# FOD Dataset Cleaning Script
With this script FOD will be cleaning the Agency Dataset delivered by Informa. FOD will remap, recalculate and fill the dataset according to what is stated in the Data Quality Rapport.

## Importing the libraries

To get started with cleaning, FOD will need to use libraries.
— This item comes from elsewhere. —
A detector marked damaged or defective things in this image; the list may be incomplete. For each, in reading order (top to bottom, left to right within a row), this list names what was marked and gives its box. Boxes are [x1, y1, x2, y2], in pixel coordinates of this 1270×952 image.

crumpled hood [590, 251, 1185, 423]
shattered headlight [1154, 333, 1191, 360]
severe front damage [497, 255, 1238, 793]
These Libraries are standard within the Anaconda distribution and can be imported without requiring a new file.

In [None]:
import sklearn as sk
import numpy as np
import pandas as pd
import matplotlib
import matplotlib.pyplot as plt

print('numpy version:', np.__version__)
print('pandas version:', pd.__version__)
print('scikit-learn version:', sk.__version__)
print('matplotlib version:', matplotlib.__version__)

%matplotlib inline

## Importing the dataset
FOD needs to load the data into Python to get started with the cleaning process.
This is done by setting variables for `datafolder` and `filename`. As Informa gave us the dataset over Canvas, FOD can not use an online download link and the dataset has to be downloaded seperately.
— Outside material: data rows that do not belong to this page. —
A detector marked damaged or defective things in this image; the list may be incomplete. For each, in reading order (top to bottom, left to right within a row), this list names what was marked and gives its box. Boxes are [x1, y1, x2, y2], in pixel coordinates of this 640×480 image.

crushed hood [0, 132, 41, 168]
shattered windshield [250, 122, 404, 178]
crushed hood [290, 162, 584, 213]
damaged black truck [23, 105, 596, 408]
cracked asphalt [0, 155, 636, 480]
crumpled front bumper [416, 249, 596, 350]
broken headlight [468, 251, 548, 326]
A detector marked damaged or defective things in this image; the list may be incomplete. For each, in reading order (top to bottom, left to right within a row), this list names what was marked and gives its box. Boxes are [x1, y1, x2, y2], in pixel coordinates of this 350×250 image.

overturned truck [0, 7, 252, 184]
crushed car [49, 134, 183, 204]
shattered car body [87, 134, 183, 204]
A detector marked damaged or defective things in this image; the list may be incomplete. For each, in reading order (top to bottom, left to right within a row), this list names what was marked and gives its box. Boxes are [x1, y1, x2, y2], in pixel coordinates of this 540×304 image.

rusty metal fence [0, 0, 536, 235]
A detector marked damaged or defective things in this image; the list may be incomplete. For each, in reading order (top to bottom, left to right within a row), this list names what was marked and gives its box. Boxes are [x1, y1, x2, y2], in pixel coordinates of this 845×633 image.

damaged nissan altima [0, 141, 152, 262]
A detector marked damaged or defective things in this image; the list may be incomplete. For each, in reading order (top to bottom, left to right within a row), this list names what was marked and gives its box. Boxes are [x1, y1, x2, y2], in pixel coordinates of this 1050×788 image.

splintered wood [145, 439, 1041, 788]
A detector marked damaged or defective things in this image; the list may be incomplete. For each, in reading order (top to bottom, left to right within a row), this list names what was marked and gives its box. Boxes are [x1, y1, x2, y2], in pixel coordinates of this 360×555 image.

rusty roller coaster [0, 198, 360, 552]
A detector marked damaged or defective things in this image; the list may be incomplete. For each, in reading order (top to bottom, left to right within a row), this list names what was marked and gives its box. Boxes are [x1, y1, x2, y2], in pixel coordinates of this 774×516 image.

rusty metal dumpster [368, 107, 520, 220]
The dataset will be loaded into the variable `df` this is done in the following process:
```py
datafolder = 'data/'
filename = 'dataset_informa.csv'
df = pd.read_csv(datafolder + filename, sep=',', low_memory=False, encoding = 'ISO-8859-1')
```

To test if the import process has gone successfull FOD will look at the shape of the dataset and the `head()`.
The `head()` method shows the first 5 values within the dataset.
```py
print(df.shape)
df.head()
```

In [None]:
datafolder = 'data/'
filename = 'dataset_informa.csv'
df = pd.read_csv(datafolder + filename, sep=',', low_memory=False, encoding = 'ISO-8859-1')
print(df.shape)
df.head()

## Removing unused columns
Currently FOD only planned to remove the `RETENTION_RATIO` column from this dataset. This is again stated in the Data Quality Rapport.
```py
df.drop(['RETENTION_RATIO'], axis = 1, inplace = True)
```
## Replacing missing values
FOD will start with `PRIMARY_AGENCY_ID`, there are 0 values that will be replaced with the original Agency Id.
To find these values FOD will use the `np.where()`, this method allows for filtering and replacement. If the value of it is 0, it needs to be replaced with it's original Id.
```py
df['PRIMARY_AGENCY_ID'] = np.where(df['PRIMARY_AGENCY_ID'] == 0, df['PRIMARY_AGENCY_ID'], df['AGENCY_ID'])
```

For the `VENDOR_END_YEAR` FOD want to replace the 0 values. This can either mean the agency never used a Vendor or has stopped using it.
To check this, FOD will look at the `VENDOR_START_YEAR`, if this start year is 0 it means it wasn't used, in that case FOD will set the `END_YEAR` value to 1 to indicate it was never used.

```py
df['CL_END_YEAR'] = np.where(df['CL_START_YEAR'] == 0, 0, 1)
df['PL_END_YEAR'] = np.where(df['PL_START_YEAR'] == 0, 0, 1)
```

Next up is `AGENCY_APPOINTMENT_YEAR`. This column has 5000 missing values that will need to be replaced. To do this FOD will first save the mean of the known data in the `mean` variable. After this is done, FOD will replace the `99999` values with the value in `mean`
```py
mean = df['AGENCY_APPOINTMENT_YEAR'].mean()
df['AGENCY_APPOINTMENT_YEAR'].replace(99999, mean, inplace=True)
```

To replace all other missing values, FOD will call the `replace()` method on the data frame to replace the `99999` values with `0`.
```py
df.replace(99999, 0, inplace=True)
```

In [None]:
df.drop(['RETENTION_RATIO'], axis = 1, inplace = True)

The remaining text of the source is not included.